[What is being asked]
No pictures go in the copy. Restate, word for word, each line from the one containing "Soccer Football - Champions" through the last line below.

#### Provided data

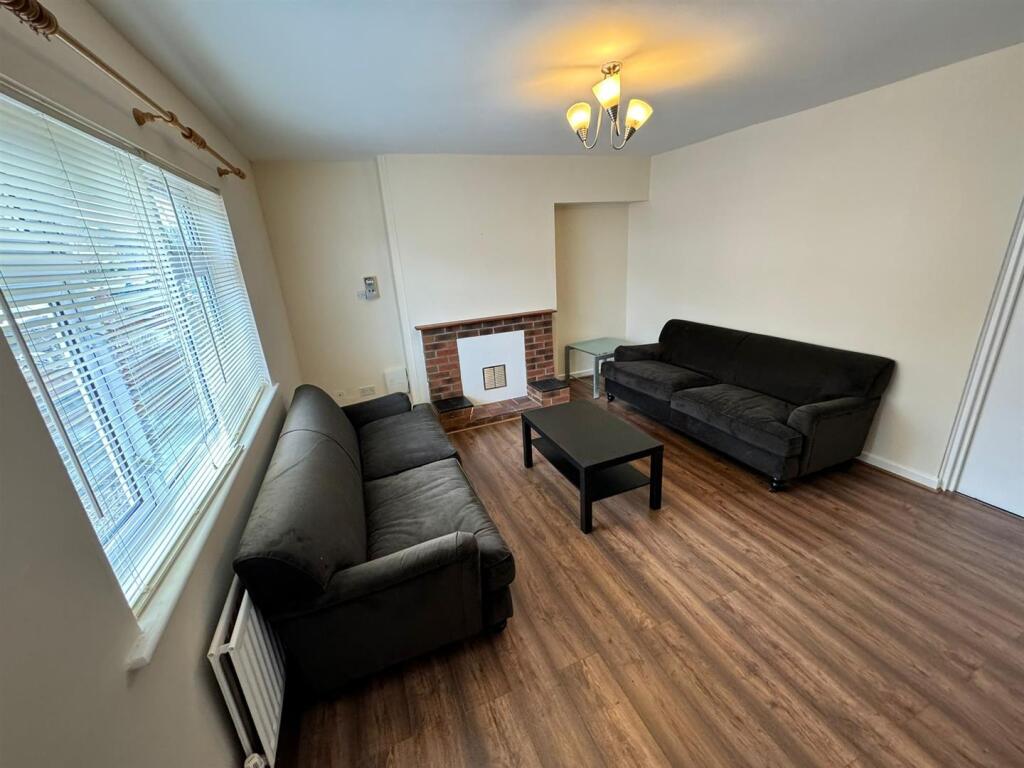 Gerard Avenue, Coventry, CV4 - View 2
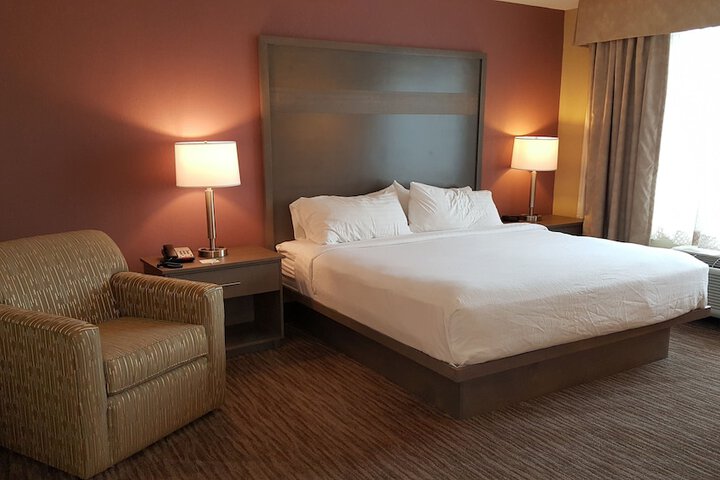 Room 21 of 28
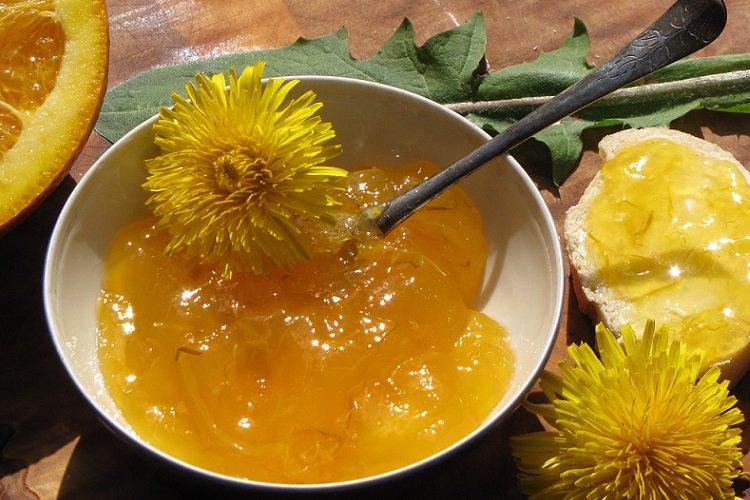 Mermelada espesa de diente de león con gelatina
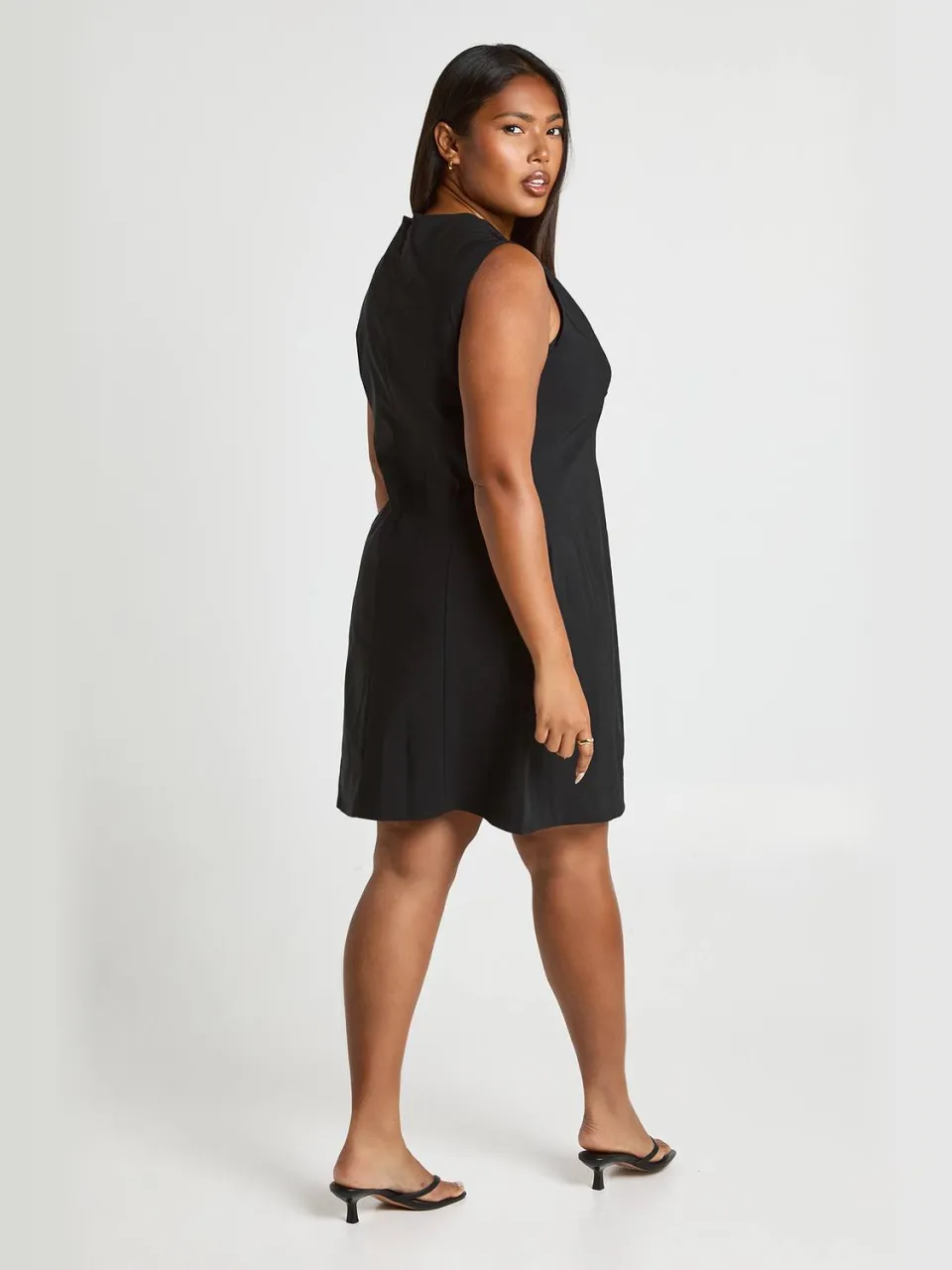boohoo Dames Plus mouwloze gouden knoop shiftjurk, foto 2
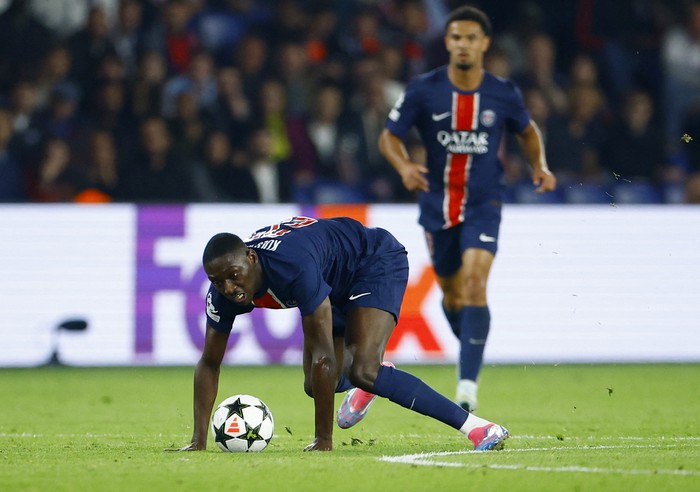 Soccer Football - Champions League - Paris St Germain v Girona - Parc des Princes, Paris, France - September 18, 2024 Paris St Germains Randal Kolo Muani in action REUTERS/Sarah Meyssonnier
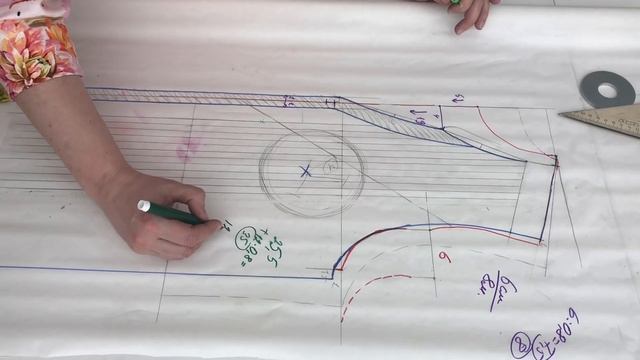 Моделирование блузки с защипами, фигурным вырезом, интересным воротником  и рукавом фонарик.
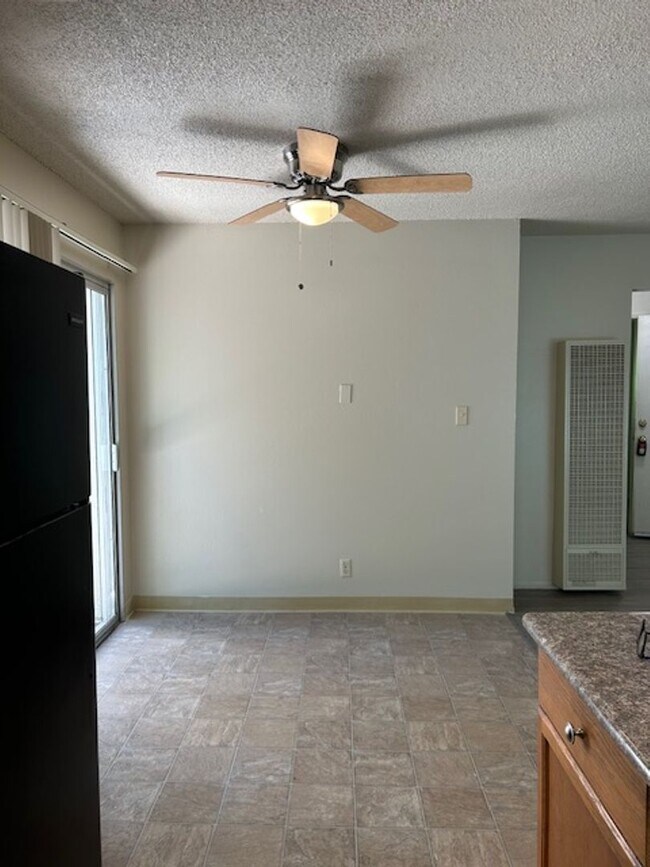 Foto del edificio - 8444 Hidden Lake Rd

########

[Response to this exercise]
 Soccer Football - Champions League - Paris St Germain v Girona - Parc des Princes, Paris, France - September 18, 2024 Paris St Germains Randal Kolo Muani in action REUTERS/Sarah Meyssonnier
 Моделирование блузки с защипами, фигурным вырезом, интересным воротником  и рукавом фонарик.
 Foto del edificio - 8444 Hidden Lake Rd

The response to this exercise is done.